Menurut Kementerian Energi dan Sumber Daya Mineral (ESDM), anggota yang mengelola lebih dari 5 WK diwajibkan mengiur US$50.000, sedangkan yang memiliki 2—5 WK US$40.000, dan 1 WK US$20.000.
Sementara itu, anggota yang tidak memiliki atau terafiliasi dengan WK di Tanah Air dikenai biaya US$35.000.
Di Indonesia, saat ini Shell lebih banyak berkecimpung di lini hilir migas. Akan tetapi, rekam jejaknya di sektor hulu migas nasional cukup panjang.
Shell pernah terlibat di industri hulu migas Indonesia sebagai pemegang hak partisipasi atau participating interest (PI) proyek Abadi Masela; ladang gas alam cair atau liquefied natural gas (LNG) raksasa di wilayah Tanimbar, Maluku.

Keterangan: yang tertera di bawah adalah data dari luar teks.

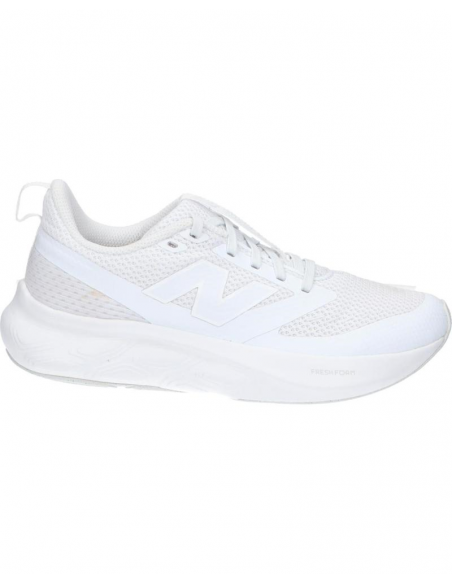 ZAPATILLAS DEPORTIVAS JUNIOR UNISEX NEW BALANCE GK625WW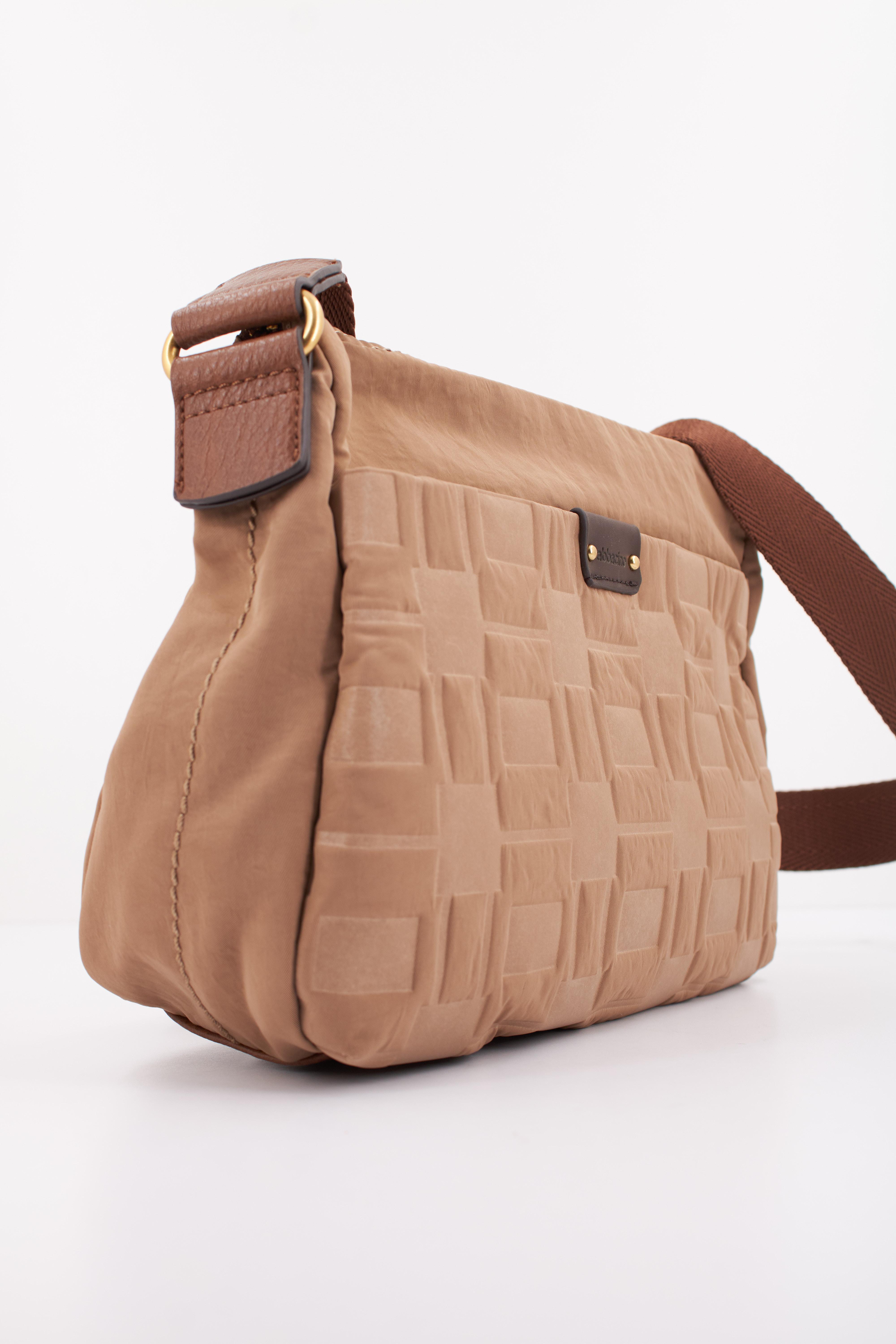ABBACINO  en color MARRON  (3)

Di Blok Masela, Shell bersama Inpex Corporation (Inpex) sebelumnya setuju untuk membangun fasilitas LNG dengan kapasitas tahunan sebesar 9,5 juta ton dalam kontrak pemulihan biaya senilai sekitar US$20 miliar.
Akan tetapi, pada 2020, Shell memutuskan untuk keluar dari proyek tersebut dengan menjual 35% hak partisipasinya seharga US$2 miliar.
Upaya Shell untuk melakukan divestasi dari Blok Masela sejak itu berlarut-larut, sehingga menciptakan ketidakpastian seputar kelanjutan pengembangan Lapangan Abadi yang menyimpan 360 miliar meter kubik gas itu.